Galleries Maurice Sternberg
- Established: 1945
- Location: 3000 North Sheridan Road, Chicago, Illinois 60657 United States
- Coordinates: 41°56′13″N 87°38′23″W﻿ / ﻿41.9369°N 87.6397°W
- Directors: Harvey Pool, Susan Pool
- Website: https://www.galleriesmauricesternberg.com

= Galleries Maurice Sternberg =

Art gallery in Chicago, Illinois, US

Galleries Maurice Sternberg is Chicago's oldest continually operating art gallery, founded in 1945.

The gallery was founded by Maurice Sternberg and Judith Sternberg in the arcade of the Drake Hotel. In its early days, the gallery became known for exhibiting the work of American and European artists including Antoine Blanchard, Edouard Cortes, and Alexander Calder.
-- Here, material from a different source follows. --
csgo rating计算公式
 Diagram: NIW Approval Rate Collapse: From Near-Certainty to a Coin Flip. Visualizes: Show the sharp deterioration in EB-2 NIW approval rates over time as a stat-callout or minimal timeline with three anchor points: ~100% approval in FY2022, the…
Maurice Sternberg died in 1994 and the gallery passed to his wife, Judith who directed the gallery until 1999. The gallery was sold to Harvey Pool and Susan Pool, former Los Angeles marketing executives. Under the gallery's new directors, the location was moved from its original location in the Drake Hotel to the John Hancock Center. In the 21st century, the gallery has represented works by and mounted exhibitions for many leading American and European artists contemporary artists including, Niels Strøbek and Ian Hornak. The gallery has continued to represent artwork by many of the artists that were originally sold through the company and has introduced additional historic artists to its stable including Karel Appel, Oscar Bluemner, Bernard Buffet, Charles Burchfield, Sam Francis, Robert Indiana, Joan Miró, Henry Moore, Claes Oldenburg and Andy Warhol, among others.

In 2011, the gallery relocated to 3000 North Sheridan Road in Chicago.